The cited industry experts argue that just because there are no license royalties to pay, RISC-V is not the cheap option—there can be no shortcuts for verification if you want to be successful with RISC-V. Every custom feature added roughly doubles verification effort and complexity: it is easy to add things, but very hard to ship them in high quality. Each addition requires fully re-verifying the design, taking into account effects on the pipeline, conflicts in the ALU, issues with the caching system, and load/store interactions. Speculative and out-of-order execution techniques that are beginning to appear in RISC-V implementations also raise security concerns such as Spectre and Meltdown.

Coverage

Coverage is necessary but not sufficient. The cited commentary states that coverage tells you that you have done something and gives a certain level of confidence, but does not guarantee that there will not be problems; with the complexity of modern processors, this coverage is not going to be sufficient.

Processor coverage is described as unique—"everybody is talking a different language when they're talking about coverage." It is easy to go through and touch every one of the 432 million instruction variants that exist, but at that point, the coverage only says that the decoder was tested, not sequences of instructions, combinations, or what might happen to a pipeline. Generating billions of instructions is therefore not enough; better practice is to sit down with the designer, talk about the pipeline, identify the things they are really worried about, and focus on combinations of instructions that are more dangerous than others.

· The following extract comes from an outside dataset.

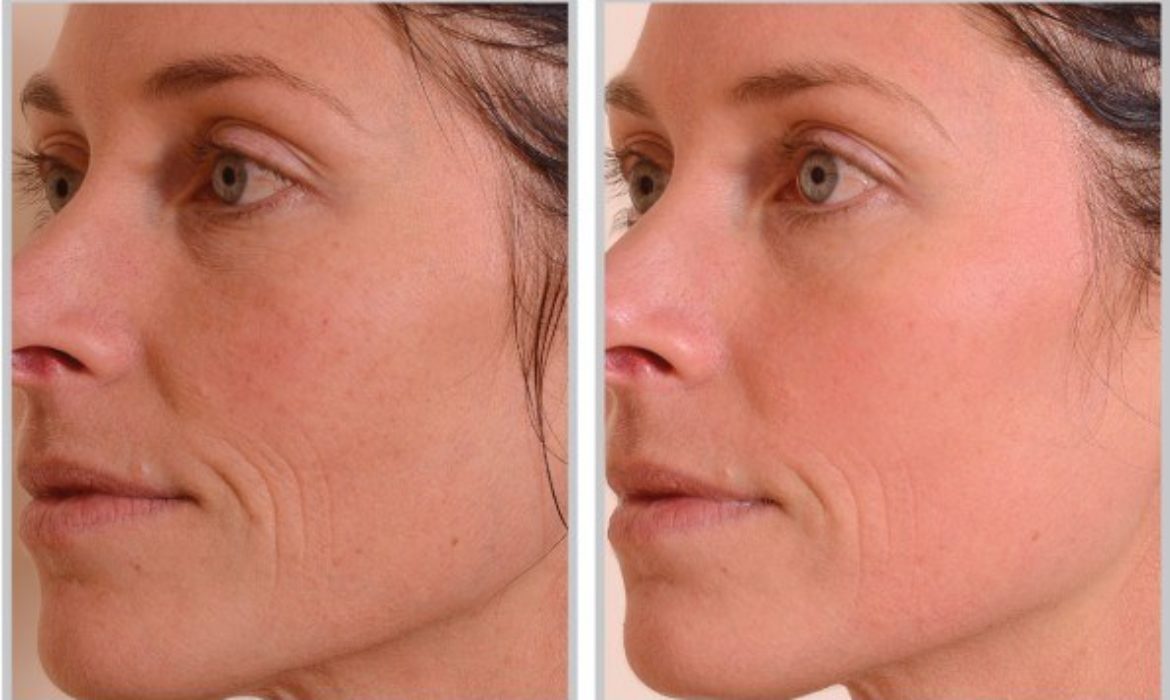 Halo Laser Before and After Acne Scars: Powerful Transformation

Integration and the path to booting Linux

After sub-units are verified, they can be integrated. The cited commentary notes that the last thing you want is to find an ALU bug while booting Linux. Once integrated, a more mixed verification strategy is typically required:

• Formal is useful because formal tools exercise every possible combination of inputs to break ISA-specified behavior, which is generally captured as SystemVerilog assertions.
• Major processor vendors also have extensive verification suites, including UVM testbenches and test software.
• Emulation is necessary for complete verification of all the elements of a large processor and to ensure correct behavior integrated into an SoC, while also allowing test software to be executed on the processor under test.
• Hardware-assisted verification—such as virtual-prototype capabilities, emulation, and hardware prototyping—is described as critical for understanding how micro-architectural decisions affect the full SoC and the workloads running on them, particularly with new custom instructions and items such as vector extensions.

The cited industry voices also note that booting Linux is itself a powerful form of verification: it is "amazing how many bugs you can have in a core and still boot Linux," and that bugs found this way often do not show up in other kinds of verification, including lots of asynchronous effects, timers going off, and even timing-base differences between simulation and FPGA-based emulation.

Custom instructions and extensions

The cited RISC-V coverage observes that new custom instructions and items such as vector extensions are being introduced, and it is important to know how micro-architectural decisions affect the full SoC and the workloads running on them. Each added feature has to be completely re-verified—and then some—including its effect on the rest of the design, especially when it changes things in the pipeline, conflicts in the ALU, issues with the caching system, or load/store logic.